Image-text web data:
>>>>

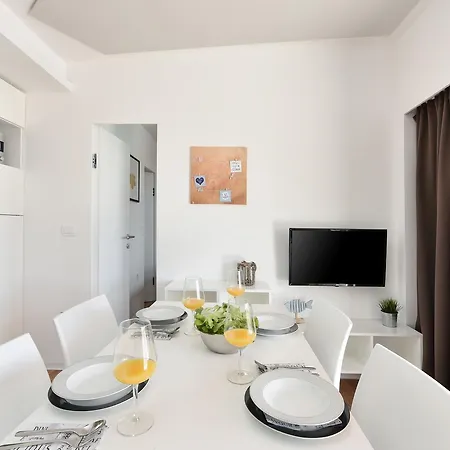 Almond Apartment Nin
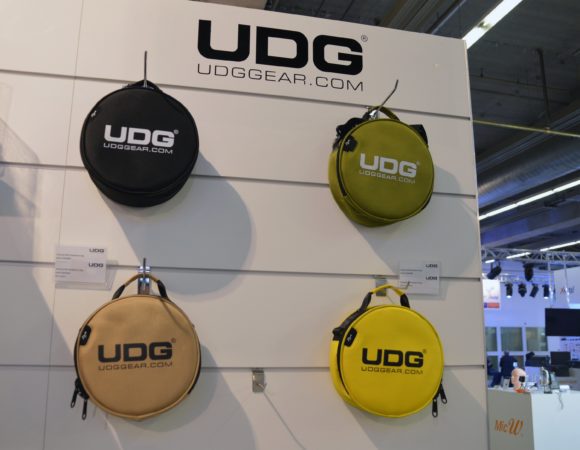 Perfekt für den Transport, perfekt für den Alltag und dabei noch mit freier Farbwahl - die neuen Digi Headphone Bags können überzeugen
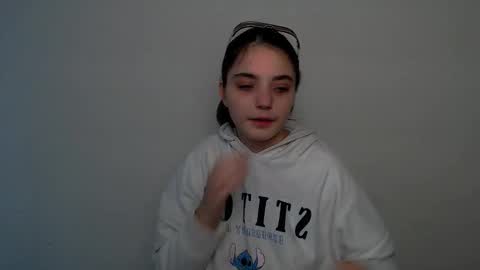 azumi_chan_ online show from November 1, 9:00 am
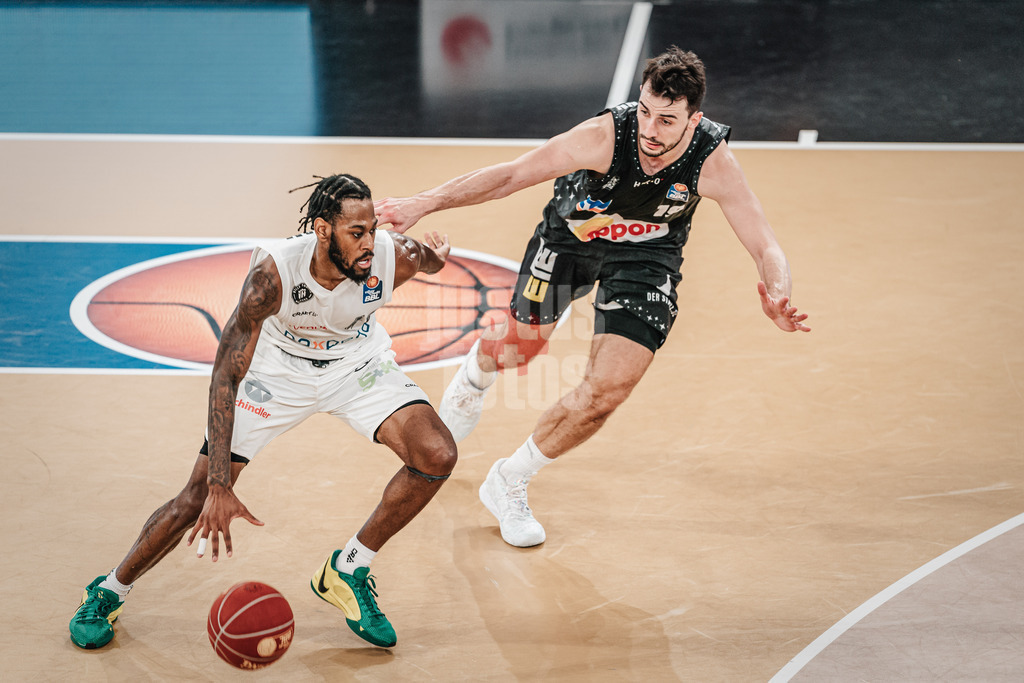 Basketball | Männer | Saison 2023/2024 | easyCredit Basketball Bundesliga | 31. Spieltag | Veolia Towers Hamburg vs. HAKRO Merlins Crailsheim | 30.04.2024 | Aljami Durham (#42, Veolia Towers Hamburg) gegen Leo Westermann (#19, HAKRO Merlins Crailsheim)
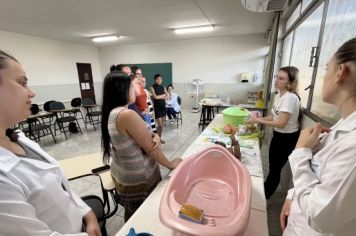 Foto - GRUPO FLORECER É RESULTADO DE PARCERIA FIRMADA ENTRE PREFEITURA E FACULDADE DE ENFERMAGEM DA UENP-CLM.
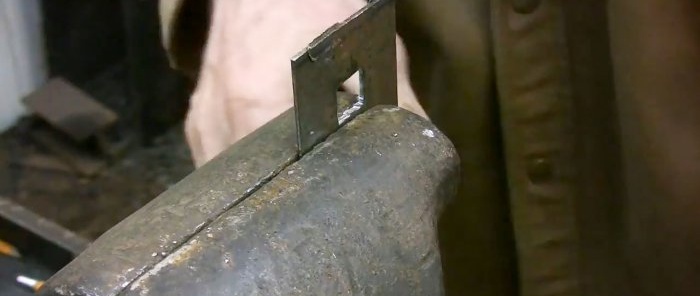 Uma maneira fácil de fazer um furo quadrado em chapa metálica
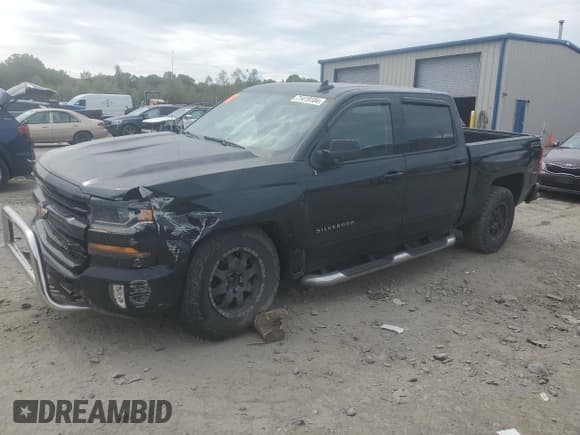 ✅ 2017 Chevrolet Silverado 1500 LT • VIN: 3GCUKREC1HG199814 • Лот: 71419184. Опубликован ранее на Copart с пробегом Не указан. Бесплатный доступ к архиву аукционных продаж из США и подробный отчёт об истории автомобиля на DreamBid. Изображение 1.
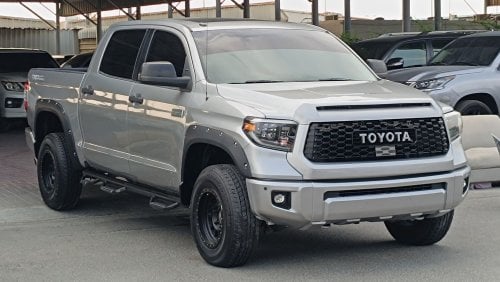 Toyota Tundra Crewmax Limited بلاتينيوم TRD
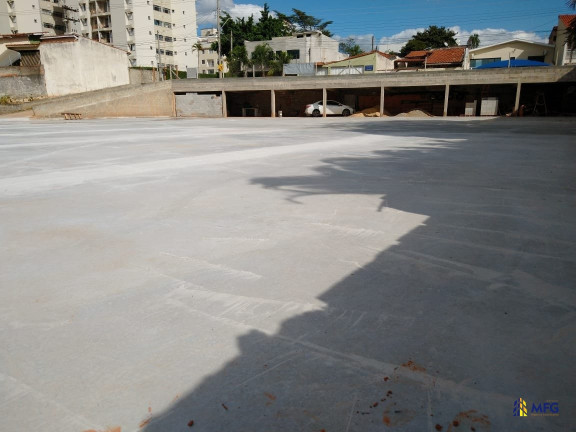 Terreno à Venda ou Locação, 2.000 m² em Jardim Simus - Sorocaba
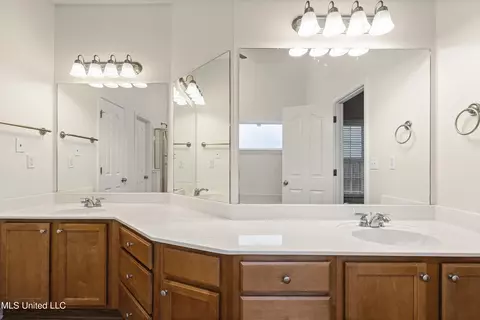 Bath - 7231 Wind Dr, Olive Branch, MS 38654 photo 1 of 5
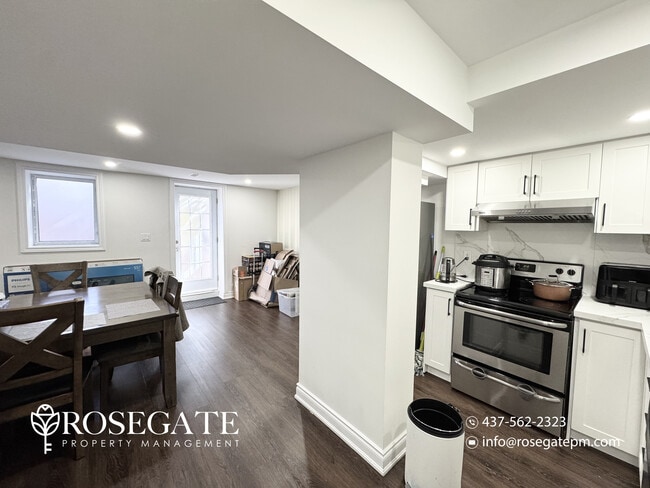 3324 Chief Mbulu Way in Mississauga, ON - Building Photo - Building Photo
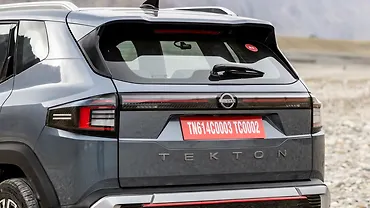 Nissan Tekton Closed Boot/Trunk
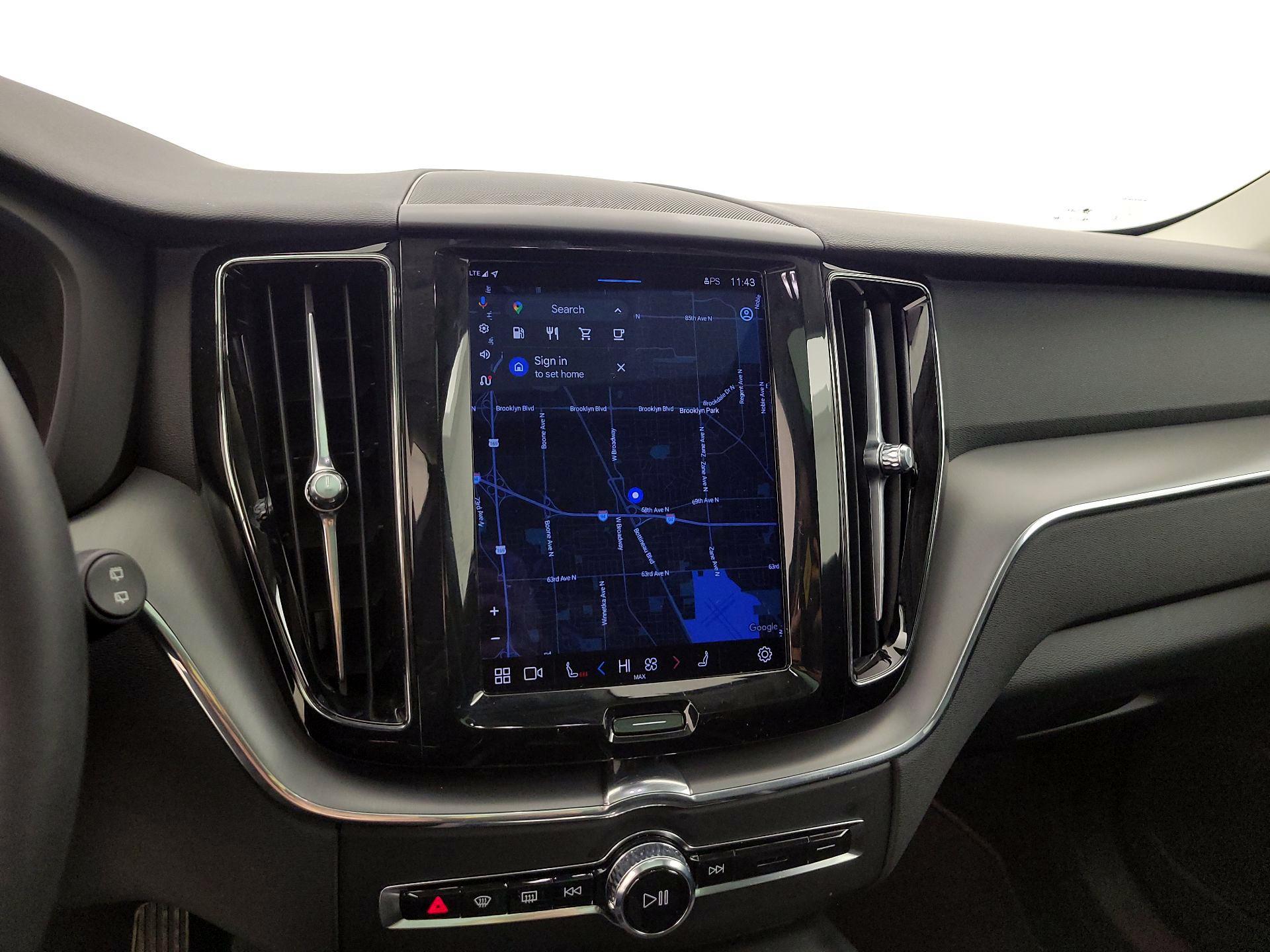 Thumbnail: 2023 Volvo XC60 - 14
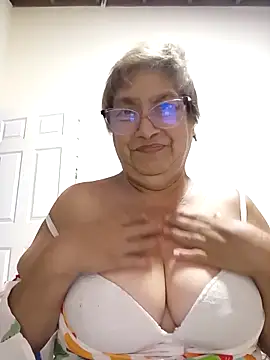 Snapshot of florecita69 chatting on 6, 5, 2026 florecita69 online show from 6, 5, 2026
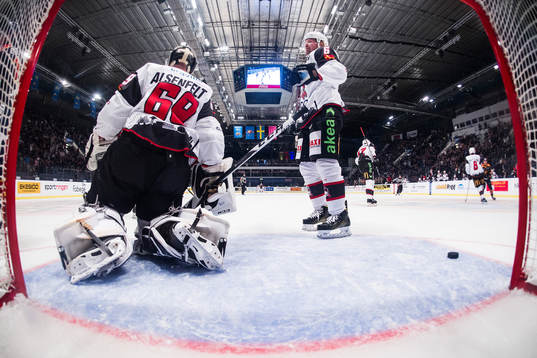 Malmö Redhawks målvakt Oscar Alsenfelt och Stefan Warg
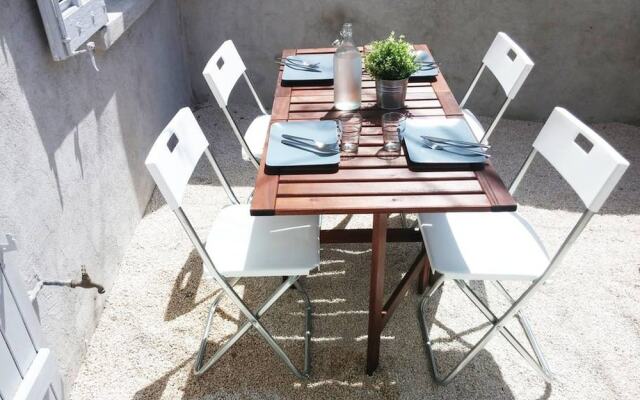Beau Studio Terrasse En Ville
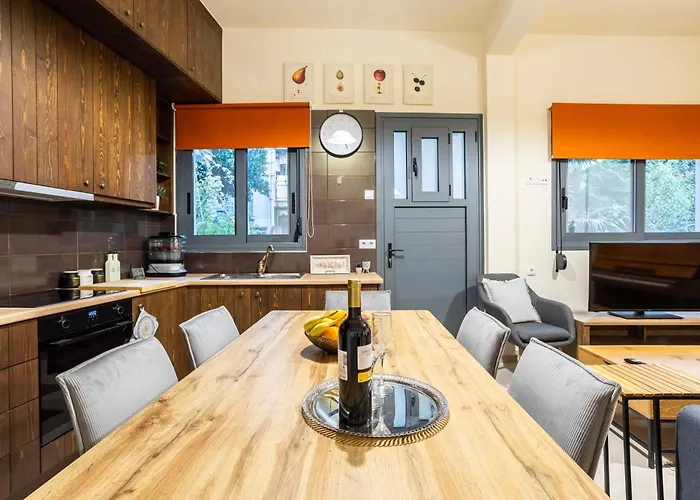 Jeannette's Seaside Getaway - Urban Gem קלמאטה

<<<<

## YOUR OBJECTIVE
The answer must consist of the line containing "Terreno à Venda" and every line after it through the end of the records, retyped exactly, with all pictures left out.

## TASK ANSWER
 Terreno à Venda ou Locação, 2.000 m² em Jardim Simus - Sorocaba
 Bath - 7231 Wind Dr, Olive Branch, MS 38654 photo 1 of 5
 3324 Chief Mbulu Way in Mississauga, ON - Building Photo - Building Photo
 Nissan Tekton Closed Boot/Trunk
 Thumbnail: 2023 Volvo XC60 - 14
 Snapshot of florecita69 chatting on 6, 5, 2026 florecita69 online show from 6, 5, 2026
 Malmö Redhawks målvakt Oscar Alsenfelt och Stefan Warg
Beau Studio Terrasse En Ville
 Jeannette's Seaside Getaway - Urban Gem קלמאטה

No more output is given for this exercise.